I built a single-page context mapper diagram tool because I was not happy with any tool I am aware of for this purpose. I also wanted the format to be JSON, easily machine readable, so I can export data from other systems and use this tool to visualize it without a proprietary file format or a heavy toolchain in between.

So far I have kept it intentionally simple. There is no need to bloat it into a ~160 MB Electron wrapper or to pull in hundreds of JavaScript dependencies through a build pipeline. The app is one static HTML file that uses D3.js for layout and interaction; you open it in a browser and you are done. That is a deliberate application of the KISS principle: the smallest thing that does the job well.
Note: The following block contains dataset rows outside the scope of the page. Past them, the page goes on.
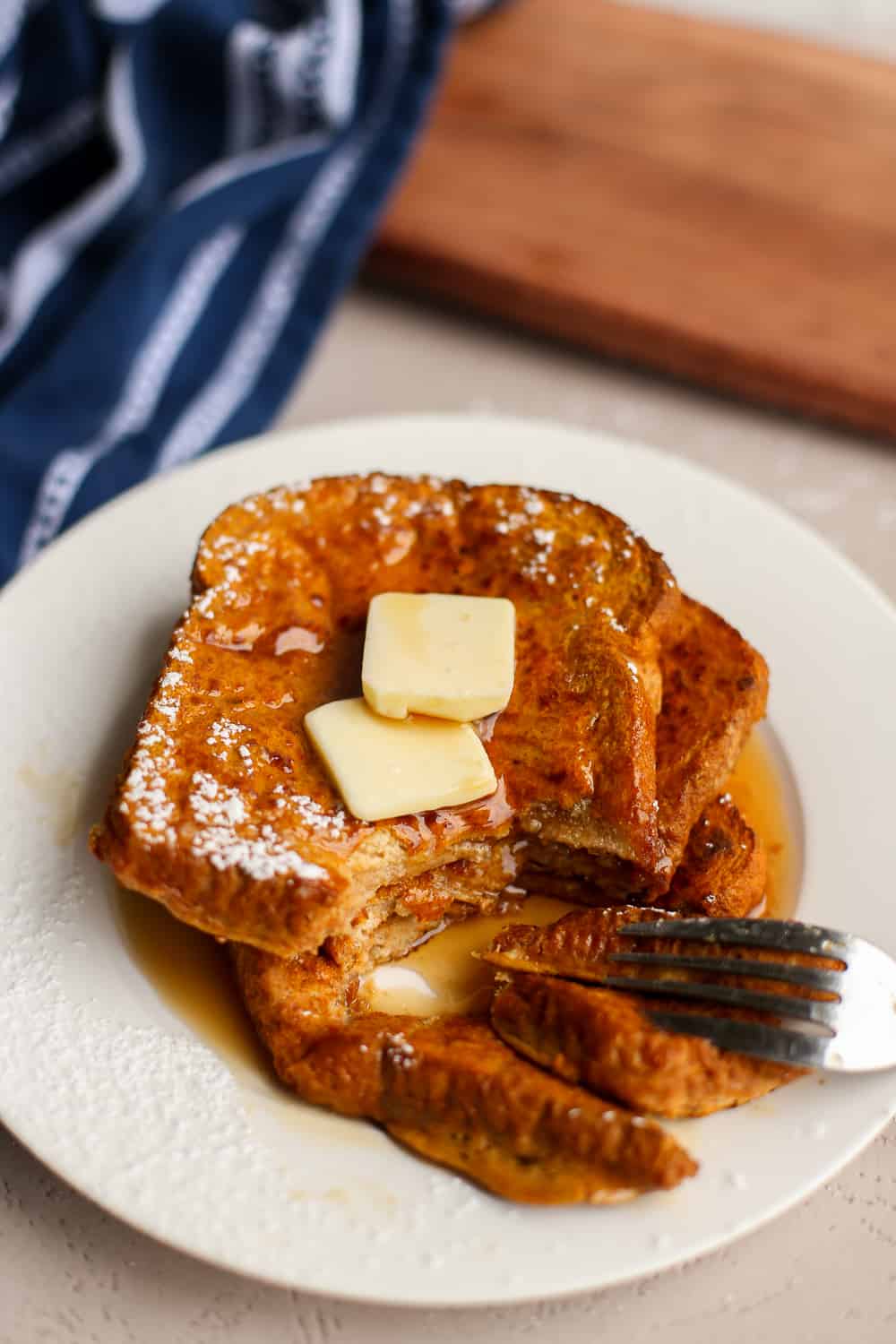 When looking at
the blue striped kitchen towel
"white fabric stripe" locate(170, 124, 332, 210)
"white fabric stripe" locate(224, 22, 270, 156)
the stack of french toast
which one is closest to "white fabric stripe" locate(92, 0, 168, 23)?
the blue striped kitchen towel

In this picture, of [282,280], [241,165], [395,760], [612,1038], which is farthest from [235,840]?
[241,165]

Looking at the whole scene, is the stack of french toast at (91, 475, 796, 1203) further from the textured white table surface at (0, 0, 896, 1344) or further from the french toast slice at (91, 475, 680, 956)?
the textured white table surface at (0, 0, 896, 1344)

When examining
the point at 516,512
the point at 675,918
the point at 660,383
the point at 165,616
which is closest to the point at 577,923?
the point at 675,918

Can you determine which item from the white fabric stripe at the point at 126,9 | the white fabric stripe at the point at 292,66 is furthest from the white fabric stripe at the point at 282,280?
the white fabric stripe at the point at 126,9

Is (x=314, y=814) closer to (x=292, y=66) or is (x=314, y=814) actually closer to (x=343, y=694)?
(x=343, y=694)

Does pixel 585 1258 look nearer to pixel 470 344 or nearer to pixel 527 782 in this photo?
pixel 527 782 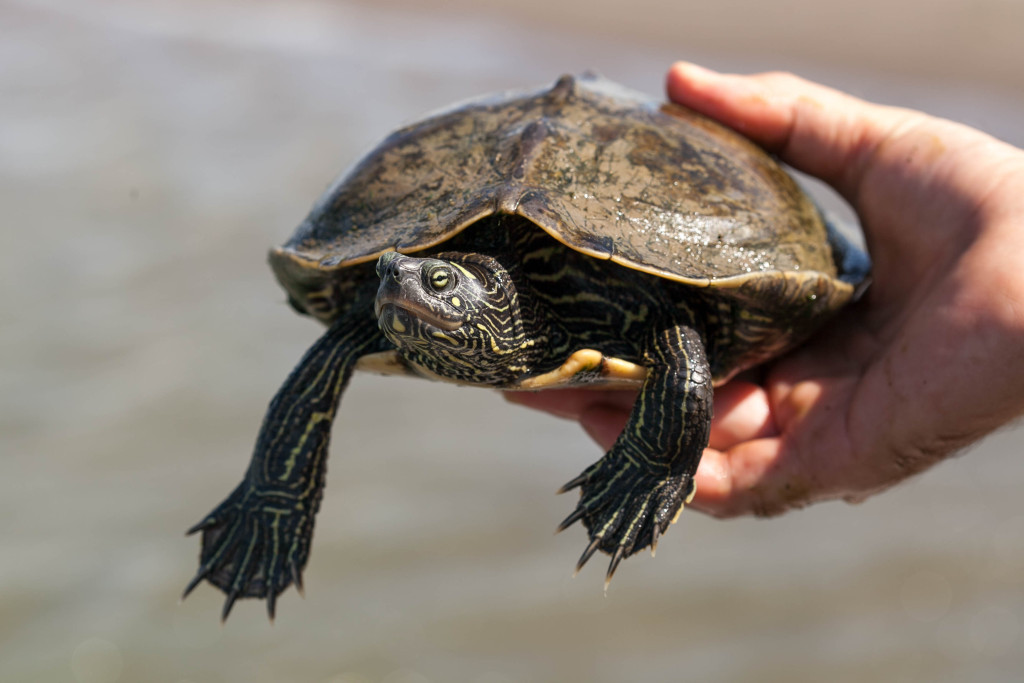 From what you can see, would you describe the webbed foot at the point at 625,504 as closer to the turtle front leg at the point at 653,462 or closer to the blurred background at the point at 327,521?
the turtle front leg at the point at 653,462

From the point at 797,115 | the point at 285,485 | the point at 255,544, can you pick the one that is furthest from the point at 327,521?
the point at 797,115

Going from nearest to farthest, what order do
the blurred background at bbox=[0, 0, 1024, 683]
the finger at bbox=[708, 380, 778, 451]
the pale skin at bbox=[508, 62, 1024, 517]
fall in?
the pale skin at bbox=[508, 62, 1024, 517] → the finger at bbox=[708, 380, 778, 451] → the blurred background at bbox=[0, 0, 1024, 683]

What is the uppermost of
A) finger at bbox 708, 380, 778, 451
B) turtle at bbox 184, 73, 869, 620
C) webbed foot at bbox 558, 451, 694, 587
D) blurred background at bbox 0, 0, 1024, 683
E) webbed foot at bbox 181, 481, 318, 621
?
turtle at bbox 184, 73, 869, 620

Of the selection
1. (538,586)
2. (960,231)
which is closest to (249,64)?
(538,586)

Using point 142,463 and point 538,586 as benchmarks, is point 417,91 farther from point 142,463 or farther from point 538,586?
point 538,586

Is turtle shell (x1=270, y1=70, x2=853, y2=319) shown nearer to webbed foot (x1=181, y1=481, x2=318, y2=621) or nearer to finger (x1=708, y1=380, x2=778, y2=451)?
finger (x1=708, y1=380, x2=778, y2=451)

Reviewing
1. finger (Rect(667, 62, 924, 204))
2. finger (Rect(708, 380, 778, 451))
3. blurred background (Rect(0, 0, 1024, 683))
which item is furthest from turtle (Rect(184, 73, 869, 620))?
blurred background (Rect(0, 0, 1024, 683))

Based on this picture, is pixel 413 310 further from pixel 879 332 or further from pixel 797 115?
pixel 797 115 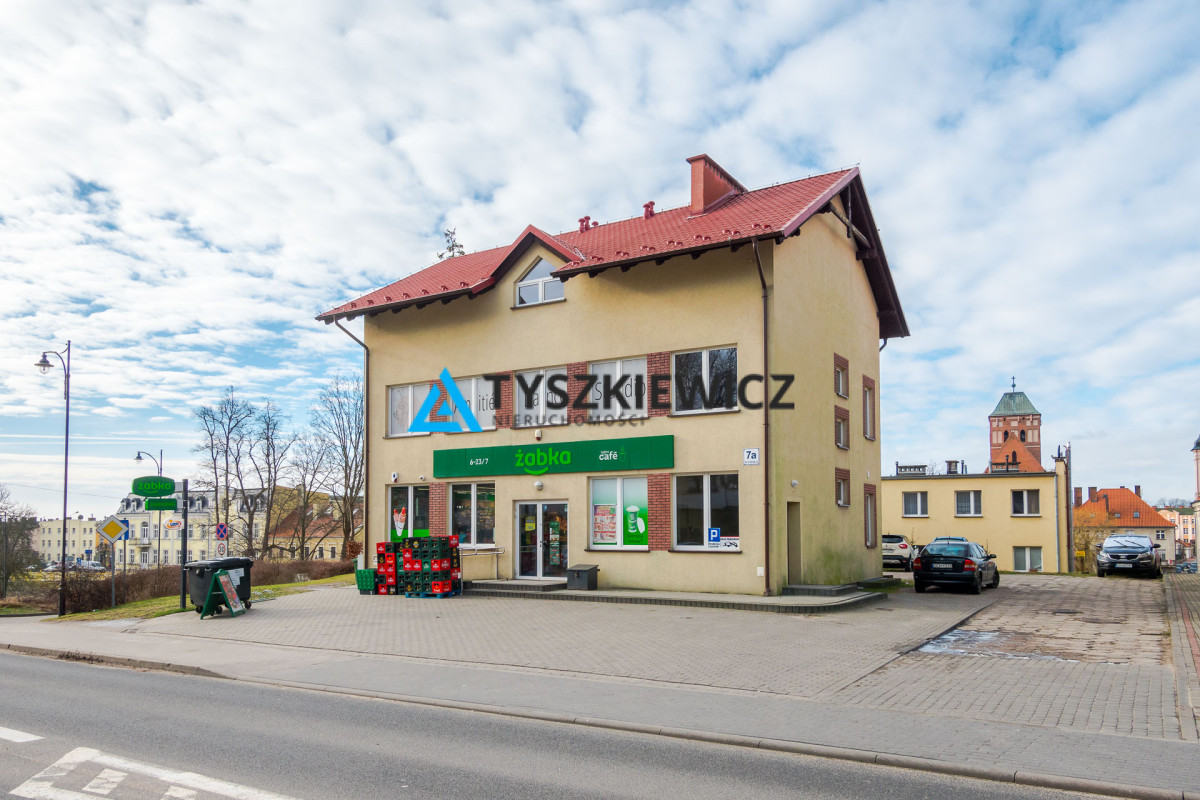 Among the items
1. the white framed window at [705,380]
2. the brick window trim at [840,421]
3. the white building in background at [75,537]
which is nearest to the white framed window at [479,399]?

If you are wondering whether a “full” desktop app would be better: for my own use, the answer is no. I care more about portability, inspectability, and integration (JSON in, diagram out) than about packaging complexity. I might extend the tool based on feedback—but the baseline will stay lean unless there is a strong reason not to.

What it does

DDD Context Mapper is a browser-based editor for Domain-Driven Design context maps. You place bounded contexts as shapes on a canvas and connect them with directed relationships that can carry familiar DDD-style labels (for example Customer/Supplier, Shared Kernel, Anti-Corruption Layer) and upstream/downstream markers.

Screenshot

Screenshot

Try it

Keep context-mapper.html and context-map.schema.json in the same folder, then open the HTML file in a modern browser. If you want import validation, serve the folder with any static file server; on plain file:// opens, validation may be skipped with a console warning.

Source and license: ddd-context-mapper on GitHub (GPLv3).


Is this kind of minimal, web-first tool useful for how you work? Would you rather see it grow in place, or is “one HTML file + D3” already the sweet spot? I am curious what would actually help you in real workshops and documentation—not what would look impressive on a feature list.